**RECORDS TO PROCESS**
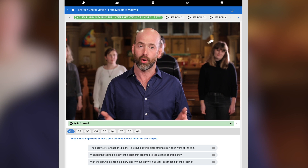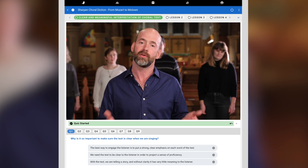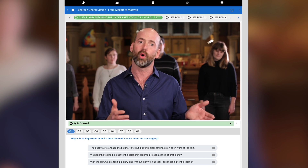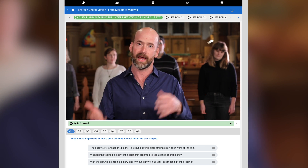Today we're talking about choral blend and how to create different choral blended sounds from an individual singer and from a choir. This is going to be a two-stage process.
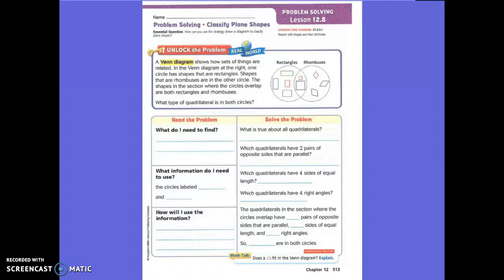Boys and girls, today we are going to solve problems by using the strategy to draw a diagram to classify plane shapes. Let's read the story problem.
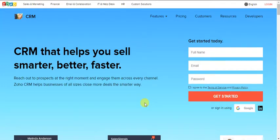Hey, what's up YouTube? Today we're looking at Zoho CRM.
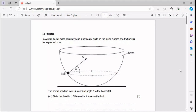We're going to solve question number one from the exam. The question says: a small ball of mass m is moving in a horizontal circle on the inside surface of a frictionless hemispherical hole. The normal reaction force N makes an angle theta to the horizontal.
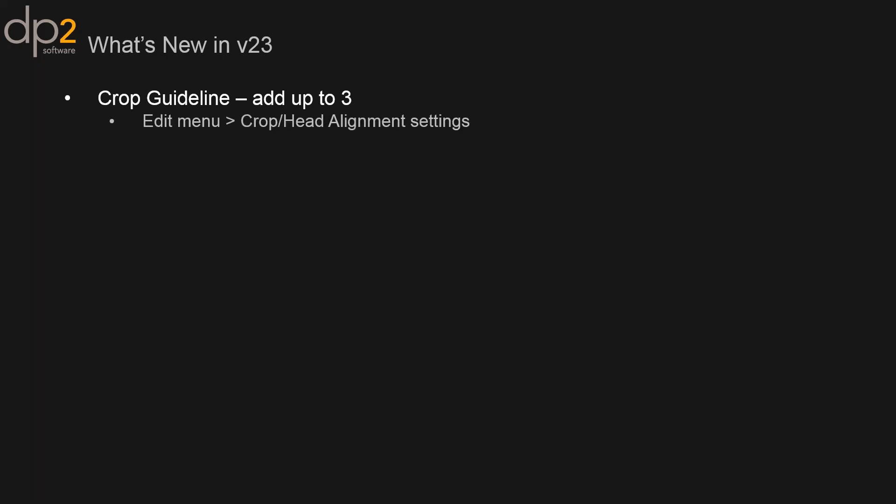One cool new feature, thanks to a couple of you, is we added crop guidelines. As you're cropping and viewing your images, you can add up to three crop guides — for example, four by six, five by seven, eight by ten — and get a visual of those lines right on your image. A couple of versions ago we also added the ability to change the color of your crops in DP2. That's in the same location under the Edit menu — there's a Crop Head Alignment Settings option, and when I bounce over to DP2 I'll go there.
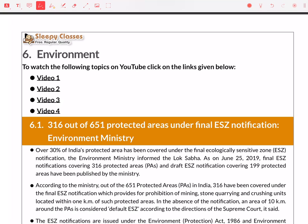Hello everyone, welcome to Sleepy Classes. Welcome to the revision series. In this video, we will try to revise the environment current affairs of July 2019 with respect to Prelims 2020. A PDF is attached in the description link, so you can download it and follow along while I go through this environment part.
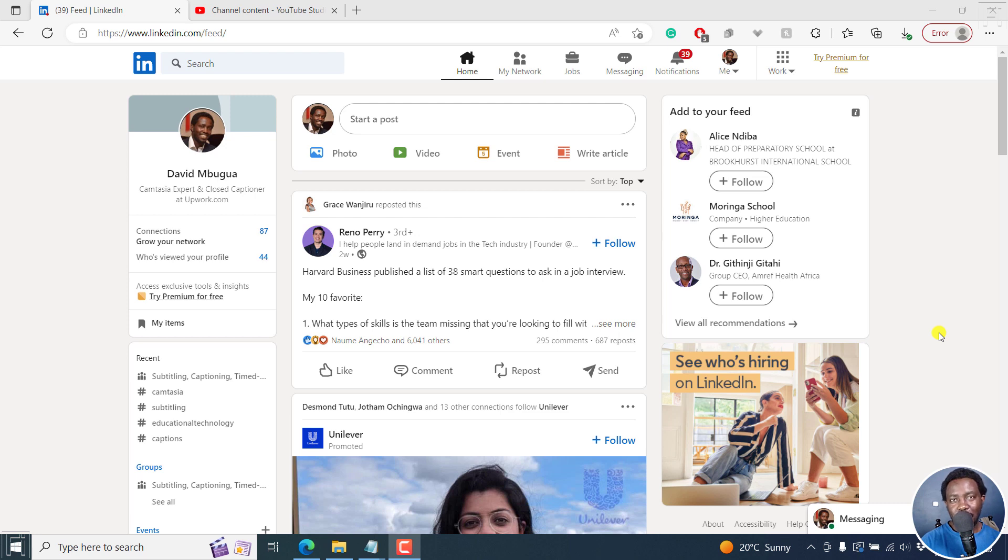In this video, I'll show you how to schedule posts on LinkedIn for free. Welcome to this video. My name is David and I hope you're well wherever you are around the world.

**WHAT TO DO**
Where pictures appear, drop them, and reproduce exactly only the lines running from the beginning of the data to the line that contains "Hey, what's up", inclusive.

**WRITTEN ANSWER**
Today we're talking about choral blend and how to create different choral blended sounds from an individual singer and from a choir. This is going to be a two-stage process.
Boys and girls, today we are going to solve problems by using the strategy to draw a diagram to classify plane shapes. Let's read the story problem.
Hey, what's up YouTube? Today we're looking at Zoho CRM.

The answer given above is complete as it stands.